Vai também ser levada aos congressistas a chamada “via verde” das renováveis e o “desrespeito pelas competências municipais” criado pelo decreto-lei n.º 72/2022, de 19 de outubro, que “retira competências e margem de decisão aos municípios” no licenciamento de projetos de produção e armazenamento de energia e fontes renováveis até cerca de um hectare.

Este decreto-lei prevê “uma compensação curta e insuficiente para colmatar os fortes impactos nos territórios”, lê-se no documento, que apela para a sua revogação “com a maior urgência”.

O documento faz um balanço do trabalho realizado na descentralização de competências, aceite pela ANMP, mas durante o qual, devido a fatores como a complexidade do processo, o período pandémico, a inflação e ao subfinanciamento, “se constatou a necessidade de reavaliar e de rever algumas situações que se mostravam desadequadas com a realidade”.

A ANMP recorda que em 2022 e 2023 foi necessário proceder a “uma renegociação das matérias que maior impacto têm nos municípios” e isso levou à “celebração, entre o Governo e a ANMP, do Acordo Setorial de Compromisso para as áreas da educação e da saúde”, em julho de 2022, e para a área social, em janeiro de 2023.
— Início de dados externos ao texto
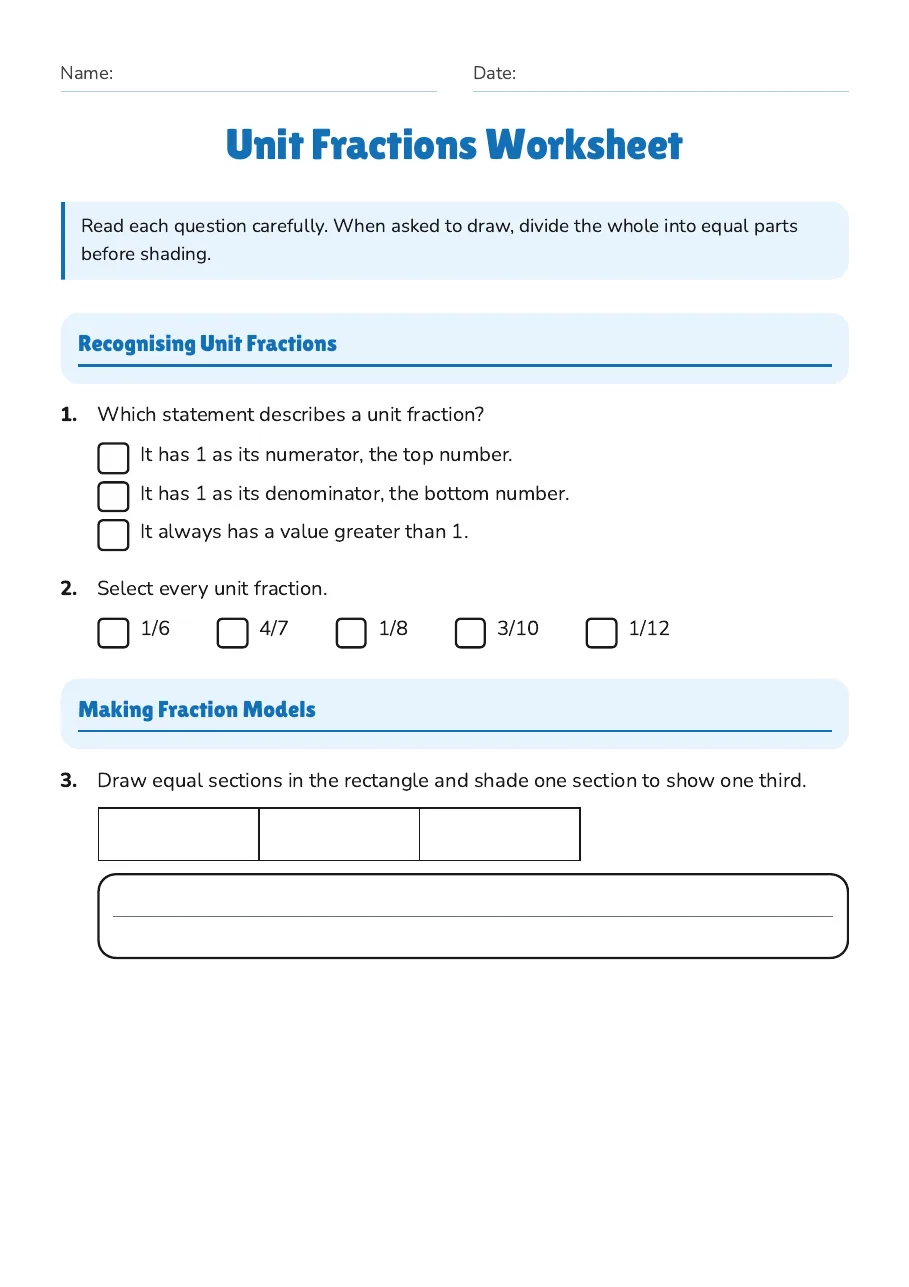 Unit Fractions Worksheet, page 1 of 4: Recognising Unit Fractions, Making Fraction Models
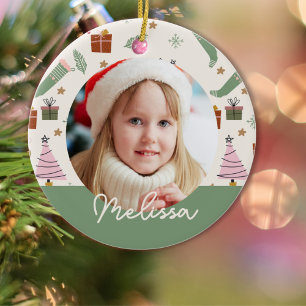 Cozy Winter Pink Green Christmas Photo   Ceramic Tree Decoration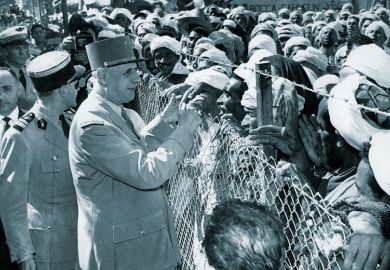 French General Charles de Gaulle meeting Algerians during his visit to Orleansville, for French historians ‘being shut out of state archives’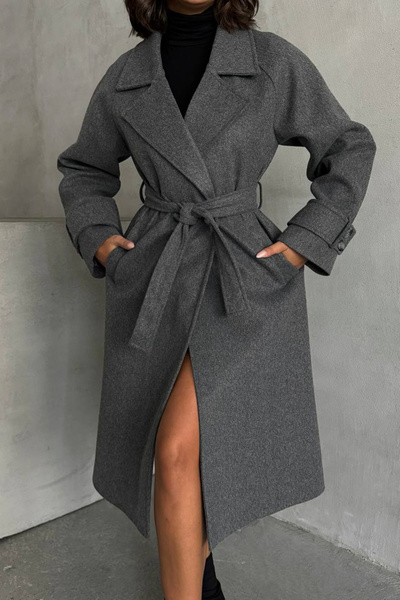 Neşeli Butik palton de damă căptușit antracit importat NBG048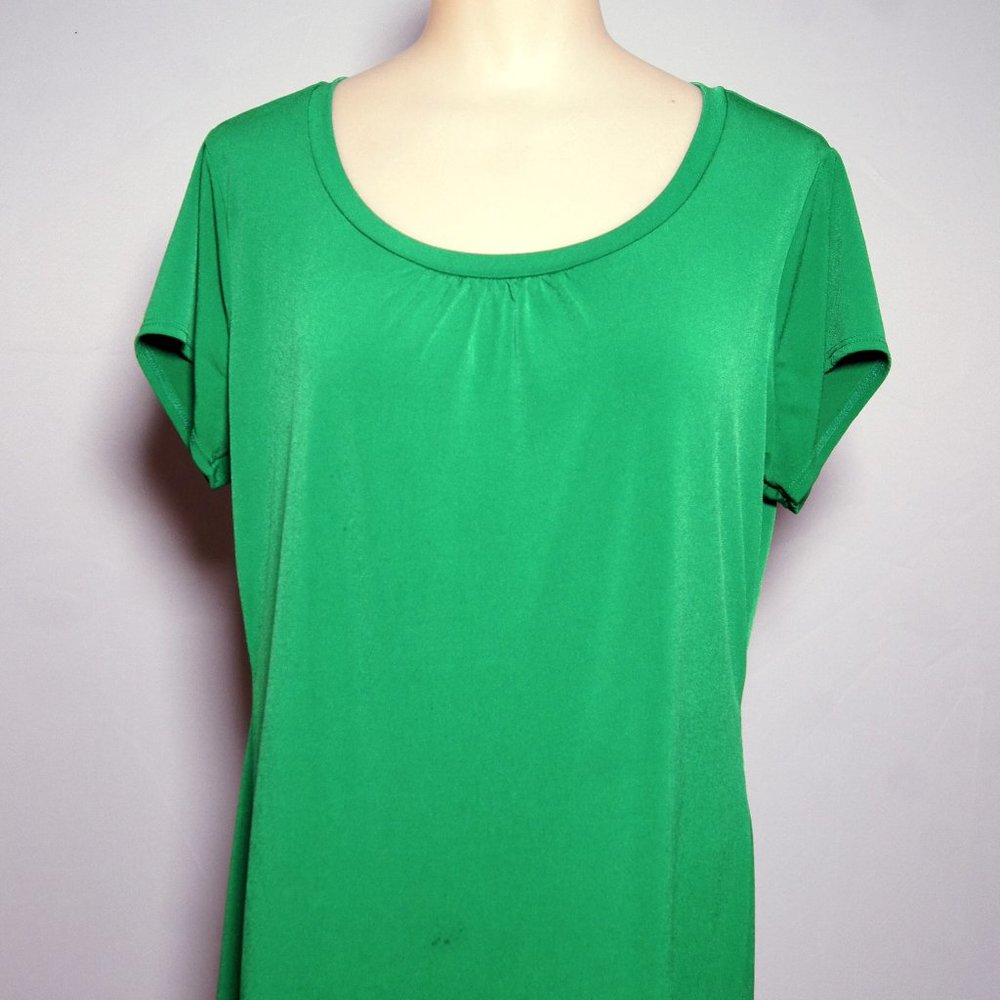 Worthington Womens pleated crew neck short sleeve blouse, Green, Large
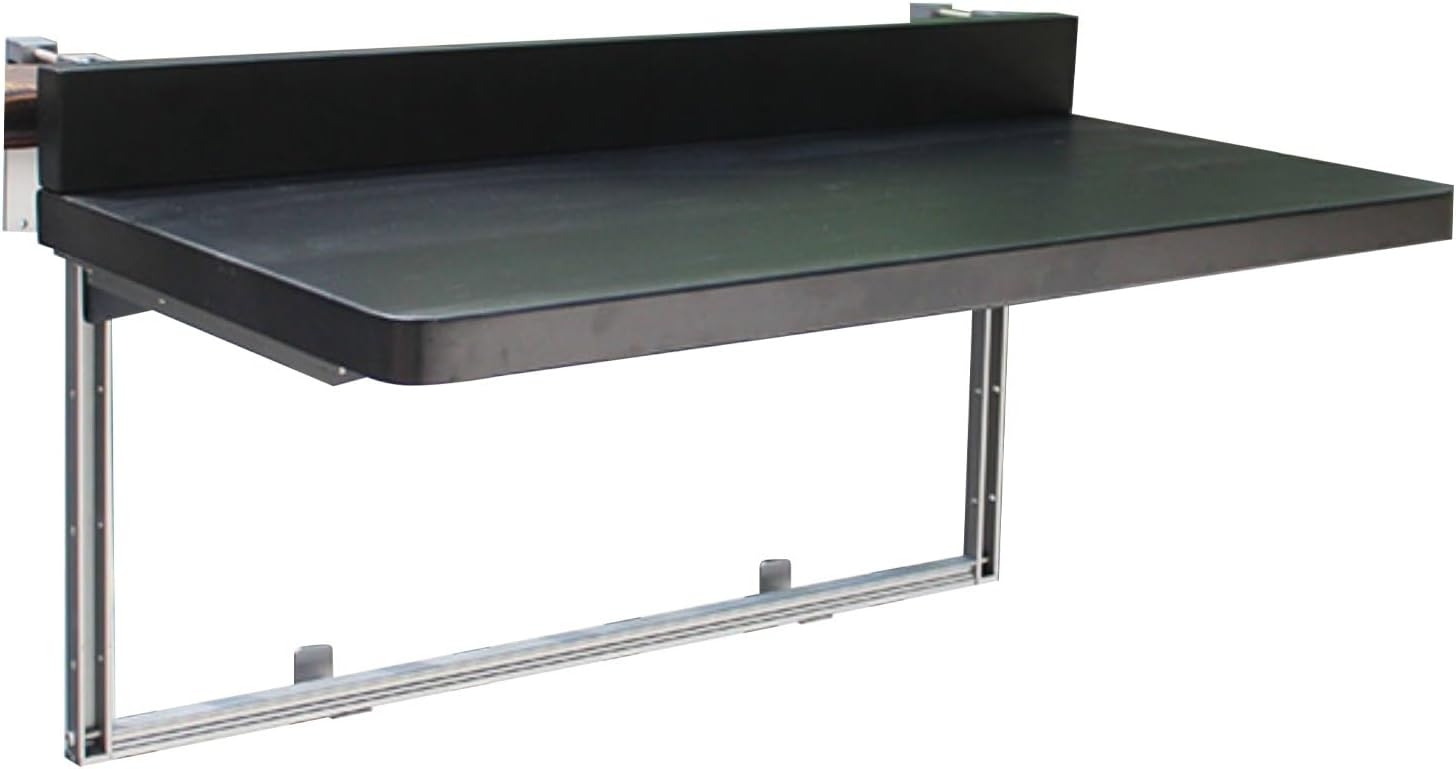 Balcony Bar Table for Railings Outdoor Hanging Folding Patio Aluminium Metal Side Table Weather Resistant 90lb Weight Capacity 5 Height Adjustable Easy Assembly(Black,32x15.3in)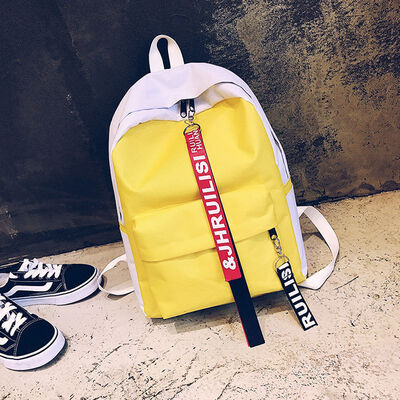 

fashion 2019 Women Lightweight Casual Zipper Color Letter Waterproof Backpack Daypack Travel Outdoor Work College Bag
A mesma fonte sublinhou, no entanto, que há um outro conjunto de domínios que devem ser objeto da descentralização, nos quais “há um caminho a percorrer” e que, em alguns casos, “carecem de tempo” para serem “efetivados com a qualidade que se pretende”.

A regionalização também é abordada no documento, com a ANMP a considerar que as “regiões administrativas são um mecanismo essencial para a reorganização territorial” e para a “implementação de políticas territoriais mais próximas dos cidadãos”.

A regionalização não é a panaceia para a resolução de todos os problemas, mas é um instrumento fundamental para a mudança que se preconiza, logrando-se um desenvolvimento mais equilibrado do território”, defende.